Solving an algebraic-differential equation

I cannot find the relevant part in the documentation. Maybe you have a quick solution to my problem.

Background

Sometimes you want to propagate in time some system of ODEs, but not all the variables are needed. Think of a matrix Schrödinger equation. Let us say, a sum of squares of unknown functions is desired. One may still solve ODEs of interest, then build the desired observable. But this is also an ideal case for an algebraic-differential solver. One just need to propagate everything, but having only the observable as an output.

My problem is the following messages

NDSolve::mconly: For the method IDA, only machine real code is available. Unable to continue with complex values or beyond floating-point exceptions. NDSolve::icfail: Unable to find initial conditions that satisfy the residual function within specified tolerances. Try giving initial conditions for both values and derivatives of the functions. 

Minimal working example

h[t_]:={{1,1,5},{1,2,I},{5,-I,3}} o={{0,0,5},{0,0,0},{5,0,0}} dim=3; vars=y[#]&/@Range[dim]; varsT=y[#][t]&/@Range[dim]; eqs=MapThread[Equal,{-I D[varsT,t],h[t].varsT}]; y0={0,1,0}; ics=MapThread[Equal,{y[#][0]&/@Range[dim],y0}; r=NDSolve[Join[eqs,ics],vars,{t,0,10}]//First; 

As the result we get some oscillating functions, an observable can be easily computed and plotted

ψ=vars/.r oT=Sum[Conjugate[ψ[[i]][t]]o[[i,j]]ψ[[j]][t],{i,dim},{j,dim}]; Plot[oT,{t,0,10}] 

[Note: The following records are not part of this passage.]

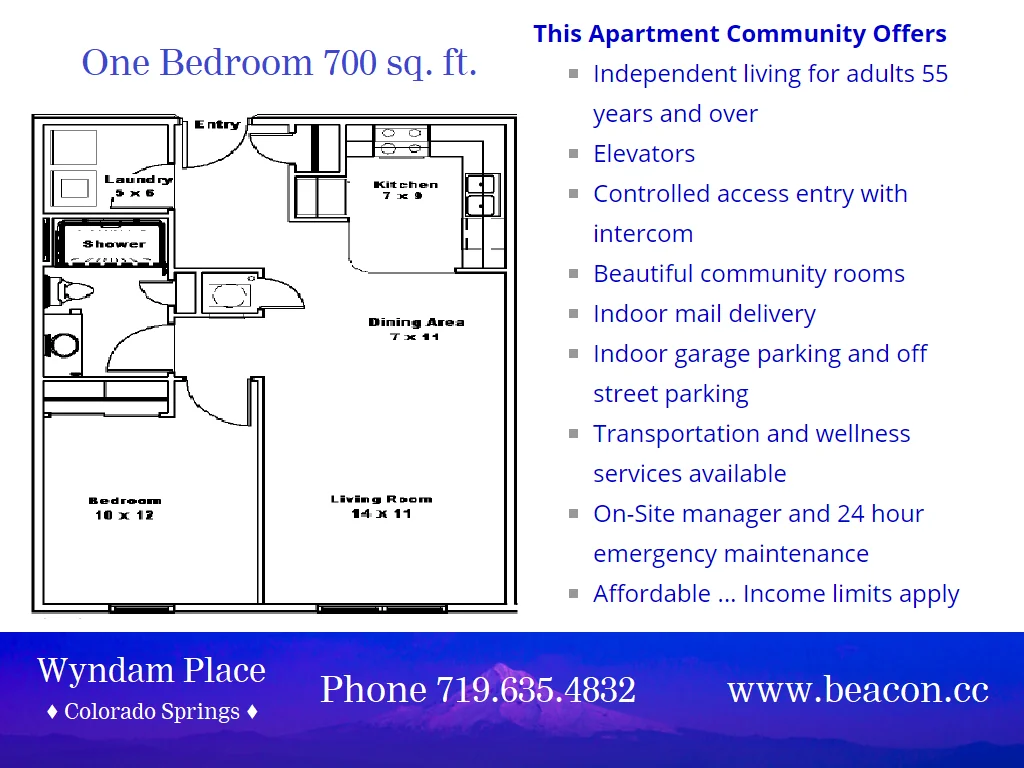 Wyndam Place Senior Residences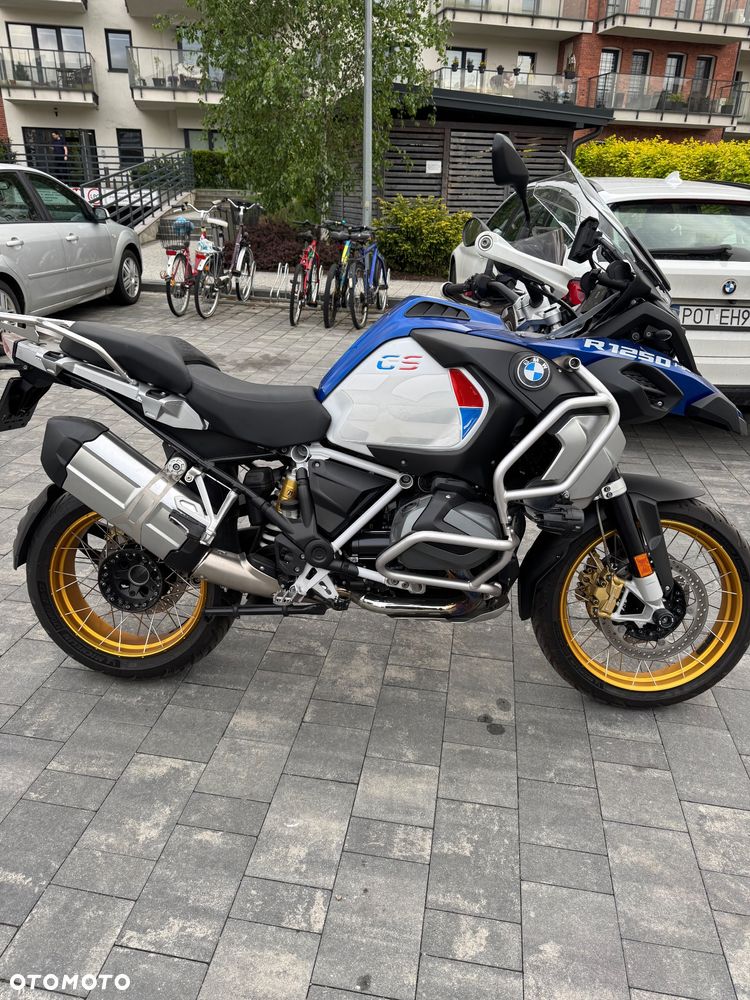 BMW R1250 GS Adventure - 1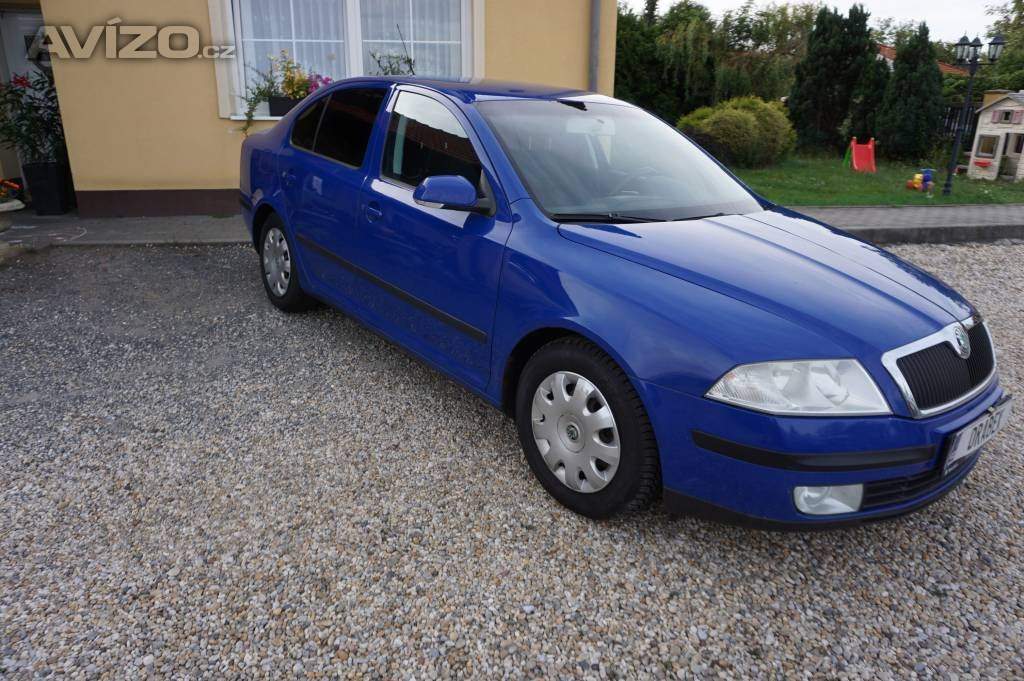 Škoda Octavia 2,0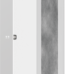Hansgrohe XtraStoris Rock 30x15x10 Cm Satin Beyaz Seramik Kaplanabilir Kapaklı Duvar Nişi - 56082700 - Banyo Aksesuar Seti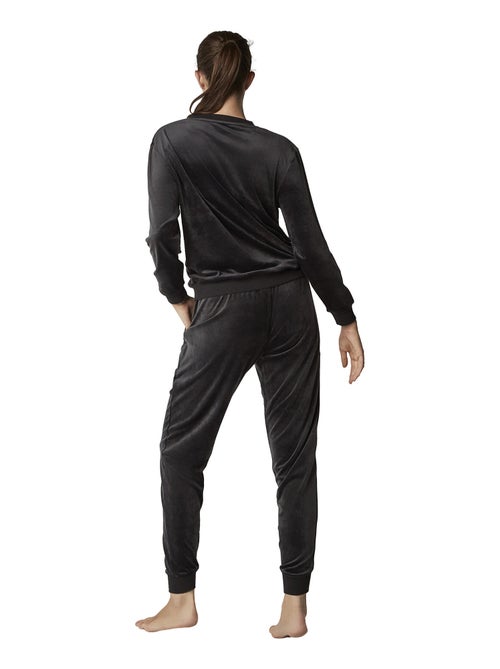 Tenue détente et intérieur pyjama pantalon top sportp90 - Kiabi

I want to avoid post-processing to evaluate the observable oT.

Minimal not working example

Instead of evaluating the observable after solving ODEs, let us propagate it along with the unknowns. We add one additional algebraic equation and the respective initial condition

eqA={τ[t]==Sum[Conjugate[y[i][t]]o[[i,j]]y[j][t],{i,dim},{j,dim}]}; icA={τ[0]==0}; 

However, this fails with the error messages above

NDSolve[Join[eqs,eqA,ics,icA],τ,{t,0,10}] 

What can be done here? I am not even sure the initial condition icA for the auxiliary variable τ is needed.